### Work to be completed
Copy exactly the lines from the first line of the records below through the line containing "Forest Governance and", including both, and nothing else.
[The records]
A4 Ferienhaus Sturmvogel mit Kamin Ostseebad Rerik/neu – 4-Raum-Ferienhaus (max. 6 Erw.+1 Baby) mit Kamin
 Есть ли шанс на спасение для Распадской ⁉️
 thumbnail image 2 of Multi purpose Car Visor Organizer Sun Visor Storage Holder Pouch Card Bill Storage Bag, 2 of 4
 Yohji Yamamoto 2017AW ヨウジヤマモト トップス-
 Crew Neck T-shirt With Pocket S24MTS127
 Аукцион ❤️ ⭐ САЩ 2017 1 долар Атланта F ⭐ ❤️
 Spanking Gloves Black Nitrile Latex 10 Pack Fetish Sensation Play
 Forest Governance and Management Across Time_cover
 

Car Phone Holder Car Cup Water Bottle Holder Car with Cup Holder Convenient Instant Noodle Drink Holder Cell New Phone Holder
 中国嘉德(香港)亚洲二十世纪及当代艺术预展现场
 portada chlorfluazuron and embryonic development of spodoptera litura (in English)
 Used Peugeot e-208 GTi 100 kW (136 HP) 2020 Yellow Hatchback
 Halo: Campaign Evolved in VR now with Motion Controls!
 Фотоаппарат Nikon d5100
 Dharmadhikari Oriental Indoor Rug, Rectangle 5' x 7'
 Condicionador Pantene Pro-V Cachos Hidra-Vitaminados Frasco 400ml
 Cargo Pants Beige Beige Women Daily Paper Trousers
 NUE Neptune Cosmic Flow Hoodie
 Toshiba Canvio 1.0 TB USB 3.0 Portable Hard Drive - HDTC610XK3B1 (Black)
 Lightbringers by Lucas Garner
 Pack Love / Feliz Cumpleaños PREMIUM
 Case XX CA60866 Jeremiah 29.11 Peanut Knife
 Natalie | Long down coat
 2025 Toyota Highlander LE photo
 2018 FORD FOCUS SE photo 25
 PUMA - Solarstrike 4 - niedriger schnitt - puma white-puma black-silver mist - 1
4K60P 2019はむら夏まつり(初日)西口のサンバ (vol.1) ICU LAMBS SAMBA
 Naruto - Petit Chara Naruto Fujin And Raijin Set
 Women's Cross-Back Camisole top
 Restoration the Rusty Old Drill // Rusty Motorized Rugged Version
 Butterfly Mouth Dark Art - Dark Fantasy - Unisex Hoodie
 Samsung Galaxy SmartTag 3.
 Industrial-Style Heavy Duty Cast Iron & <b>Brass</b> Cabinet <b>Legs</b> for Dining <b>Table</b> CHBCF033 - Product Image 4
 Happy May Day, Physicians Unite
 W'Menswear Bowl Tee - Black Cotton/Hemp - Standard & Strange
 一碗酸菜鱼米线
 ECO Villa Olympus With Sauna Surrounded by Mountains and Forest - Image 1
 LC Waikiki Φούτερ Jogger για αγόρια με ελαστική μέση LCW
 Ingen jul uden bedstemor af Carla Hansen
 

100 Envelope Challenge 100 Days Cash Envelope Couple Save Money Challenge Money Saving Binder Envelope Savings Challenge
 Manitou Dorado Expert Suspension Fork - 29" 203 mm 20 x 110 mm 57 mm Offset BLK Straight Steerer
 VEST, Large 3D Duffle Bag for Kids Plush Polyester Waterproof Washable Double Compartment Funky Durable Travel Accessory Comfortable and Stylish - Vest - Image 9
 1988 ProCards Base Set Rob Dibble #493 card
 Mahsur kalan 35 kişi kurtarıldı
[/The records]
### Task output
A4 Ferienhaus Sturmvogel mit Kamin Ostseebad Rerik/neu – 4-Raum-Ferienhaus (max. 6 Erw.+1 Baby) mit Kamin
 Есть ли шанс на спасение для Распадской ⁉️
 thumbnail image 2 of Multi purpose Car Visor Organizer Sun Visor Storage Holder Pouch Card Bill Storage Bag, 2 of 4
 Yohji Yamamoto 2017AW ヨウジヤマモト トップス-
 Crew Neck T-shirt With Pocket S24MTS127
 Аукцион ❤️ ⭐ САЩ 2017 1 долар Атланта F ⭐ ❤️
 Spanking Gloves Black Nitrile Latex 10 Pack Fetish Sensation Play
 Forest Governance and Management Across Time_cover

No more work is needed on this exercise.